Frank doesn’t go far enough in his research. If he reads Ian Kershaw’s 2 Vol. ‘Hitler’ (Hubris and Nemesis) he will find Hitler’s true position on religion. It was far more than ‘idiosyncracies’. Just two examples:
“It is through the peasantry that we shall really be able to destroy Christianity because there is in them a true religion rooted in nature and blood.” His countrymen would have to choose: “One is either a Christian or a German. You can’t be both.”
And like Stalin, Hitler believed history was on his side: “Do you really believe the masses will ever be Christian again?

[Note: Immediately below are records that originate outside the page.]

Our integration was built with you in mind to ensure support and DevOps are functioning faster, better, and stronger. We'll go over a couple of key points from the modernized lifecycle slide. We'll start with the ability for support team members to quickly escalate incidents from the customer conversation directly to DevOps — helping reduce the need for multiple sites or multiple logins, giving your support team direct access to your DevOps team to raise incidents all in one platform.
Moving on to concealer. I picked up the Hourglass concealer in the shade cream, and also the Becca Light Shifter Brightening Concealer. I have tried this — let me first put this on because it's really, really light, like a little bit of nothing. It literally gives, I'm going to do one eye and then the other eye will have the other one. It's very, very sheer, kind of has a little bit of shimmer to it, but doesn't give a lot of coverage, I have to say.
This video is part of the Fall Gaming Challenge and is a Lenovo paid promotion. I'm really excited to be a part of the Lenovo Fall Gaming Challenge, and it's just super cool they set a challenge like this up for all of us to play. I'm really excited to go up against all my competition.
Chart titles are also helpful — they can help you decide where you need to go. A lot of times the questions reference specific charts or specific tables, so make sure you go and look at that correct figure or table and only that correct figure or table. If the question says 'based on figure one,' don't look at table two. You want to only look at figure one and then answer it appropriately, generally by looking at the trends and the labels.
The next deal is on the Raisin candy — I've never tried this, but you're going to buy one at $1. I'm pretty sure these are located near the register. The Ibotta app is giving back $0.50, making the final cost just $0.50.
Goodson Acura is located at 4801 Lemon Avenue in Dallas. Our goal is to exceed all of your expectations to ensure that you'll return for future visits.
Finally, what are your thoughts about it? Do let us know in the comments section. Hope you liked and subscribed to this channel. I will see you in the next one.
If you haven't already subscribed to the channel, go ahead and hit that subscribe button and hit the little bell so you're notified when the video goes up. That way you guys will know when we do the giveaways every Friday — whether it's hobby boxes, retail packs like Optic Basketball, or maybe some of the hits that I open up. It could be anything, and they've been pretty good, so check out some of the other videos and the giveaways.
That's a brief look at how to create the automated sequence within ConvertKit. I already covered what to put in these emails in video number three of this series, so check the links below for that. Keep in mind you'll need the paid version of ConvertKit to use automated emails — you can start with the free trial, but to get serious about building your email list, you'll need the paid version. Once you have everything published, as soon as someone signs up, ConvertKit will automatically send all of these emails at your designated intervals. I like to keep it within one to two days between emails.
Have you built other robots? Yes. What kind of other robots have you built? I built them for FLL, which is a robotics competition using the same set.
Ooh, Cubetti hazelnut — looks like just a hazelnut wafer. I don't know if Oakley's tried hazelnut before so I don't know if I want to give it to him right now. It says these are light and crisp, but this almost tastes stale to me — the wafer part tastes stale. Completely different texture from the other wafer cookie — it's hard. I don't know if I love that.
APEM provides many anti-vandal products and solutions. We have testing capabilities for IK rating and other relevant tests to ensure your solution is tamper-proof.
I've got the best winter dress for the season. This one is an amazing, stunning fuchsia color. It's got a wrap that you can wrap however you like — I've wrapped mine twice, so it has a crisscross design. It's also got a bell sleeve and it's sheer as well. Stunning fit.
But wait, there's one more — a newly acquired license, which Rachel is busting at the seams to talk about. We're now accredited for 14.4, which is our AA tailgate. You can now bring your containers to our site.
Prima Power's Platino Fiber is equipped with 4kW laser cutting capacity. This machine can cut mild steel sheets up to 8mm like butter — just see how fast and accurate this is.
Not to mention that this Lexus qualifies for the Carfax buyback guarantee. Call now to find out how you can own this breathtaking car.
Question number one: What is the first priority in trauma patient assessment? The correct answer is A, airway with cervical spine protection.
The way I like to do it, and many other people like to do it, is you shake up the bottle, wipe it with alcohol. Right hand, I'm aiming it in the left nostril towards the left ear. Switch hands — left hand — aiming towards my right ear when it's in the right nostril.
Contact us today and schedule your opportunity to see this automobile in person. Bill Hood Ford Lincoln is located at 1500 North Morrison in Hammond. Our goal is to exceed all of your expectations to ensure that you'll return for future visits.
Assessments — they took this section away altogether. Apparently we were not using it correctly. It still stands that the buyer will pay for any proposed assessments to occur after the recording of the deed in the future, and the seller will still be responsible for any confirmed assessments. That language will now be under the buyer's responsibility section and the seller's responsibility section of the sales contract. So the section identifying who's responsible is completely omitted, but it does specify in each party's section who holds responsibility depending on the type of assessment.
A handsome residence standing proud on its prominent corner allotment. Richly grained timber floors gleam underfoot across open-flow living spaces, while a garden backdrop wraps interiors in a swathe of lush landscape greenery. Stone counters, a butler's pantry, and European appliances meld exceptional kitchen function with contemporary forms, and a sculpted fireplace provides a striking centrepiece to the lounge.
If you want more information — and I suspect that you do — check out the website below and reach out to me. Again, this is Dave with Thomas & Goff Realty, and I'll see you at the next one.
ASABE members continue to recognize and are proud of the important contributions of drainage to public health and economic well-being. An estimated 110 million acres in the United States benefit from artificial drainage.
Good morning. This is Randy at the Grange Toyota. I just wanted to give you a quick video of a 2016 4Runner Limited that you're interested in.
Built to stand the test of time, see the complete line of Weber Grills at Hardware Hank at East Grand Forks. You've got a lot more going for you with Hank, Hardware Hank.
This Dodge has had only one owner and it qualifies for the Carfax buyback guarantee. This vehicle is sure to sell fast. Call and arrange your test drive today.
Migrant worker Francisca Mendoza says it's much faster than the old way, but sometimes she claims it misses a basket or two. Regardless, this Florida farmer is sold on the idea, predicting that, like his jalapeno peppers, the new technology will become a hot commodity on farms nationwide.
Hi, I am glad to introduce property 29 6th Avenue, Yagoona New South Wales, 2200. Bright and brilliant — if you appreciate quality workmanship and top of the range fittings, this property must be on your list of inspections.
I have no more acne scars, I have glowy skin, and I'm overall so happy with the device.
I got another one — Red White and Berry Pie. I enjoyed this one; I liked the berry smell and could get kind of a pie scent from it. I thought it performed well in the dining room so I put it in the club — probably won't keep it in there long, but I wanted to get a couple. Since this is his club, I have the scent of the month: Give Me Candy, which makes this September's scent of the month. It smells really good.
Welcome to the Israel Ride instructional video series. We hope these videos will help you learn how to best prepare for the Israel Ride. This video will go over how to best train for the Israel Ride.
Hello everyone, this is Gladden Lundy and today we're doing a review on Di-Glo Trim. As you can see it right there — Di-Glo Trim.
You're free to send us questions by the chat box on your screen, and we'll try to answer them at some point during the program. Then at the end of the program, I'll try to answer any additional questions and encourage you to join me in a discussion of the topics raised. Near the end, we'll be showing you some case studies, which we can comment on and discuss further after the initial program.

Nonsense. Never again. The tale is finished… but we can hasten matters. The parsons will be made to dig their own graves.”
Of course, competing quotes are always possible. Certainly he portrayed himself as Christian for political advantage (e.g. when he distnced himself from Ludendorf’s attack on the Church in 1924/5 because it would have been political suicide in Bavaria.)
But no rational person can argue that Hitler’s views and actions could in any sense be described as Christian: Aryan racial supremacy, Races such as Slavs being considered sub-human, murder of disabled, mentally ill, homosexuals, etc. total, unlimited warfare to achieve German world domination with the Germans being a Master Race – and so on…………
Frank, I think you have just copied these quotes from somewhere without checking their validity. There are a lot of Hitler quotes about for which there is little authenticated support. If you want your evidence that Hitler was anti-christian to be taken seriously, then please identify the sources of your material.
For a start, Hitler did not actually say “One is either a Christian or a German. You can’t be both.” That is a quote attributed to him by Hermann Rauschning. The quote “It is through the peasantry that we shall really be able to destroy Christianity” was not said by Hitler. It’s source is from a website publishing documents prepared for the International Military Tribunal at Nuremberg, a person (I cannot actually find the author’s name) defending himself against the charge of being a Nazi, saying he was revolted by Hitler’s anti-Nazi stance. There is so much allegedly quoted by Hitler that it would have been impossible for the author to remember even a fraction of it word by word. So we must be careful about this attribution.
Valid evidence of Hitler’s beliefs are words said by him which can be independently corroborated, such us:
In a speech at Koblenz, August 26, 1934, Hitler said: “National Socialism neither opposes the Church nor is it anti-religious, but on the contrary it stands on the ground of a real Christianity . . . For their interests cannot fail to coincide with ours alike in our fight against the symptoms of degeneracy in the world of today, in our fight against a Bolshevist culture, against atheistic movement, against criminality, and in our struggle for a consciousness of a community in our national life . . . These are not anti-Christian, these are Christian principles!”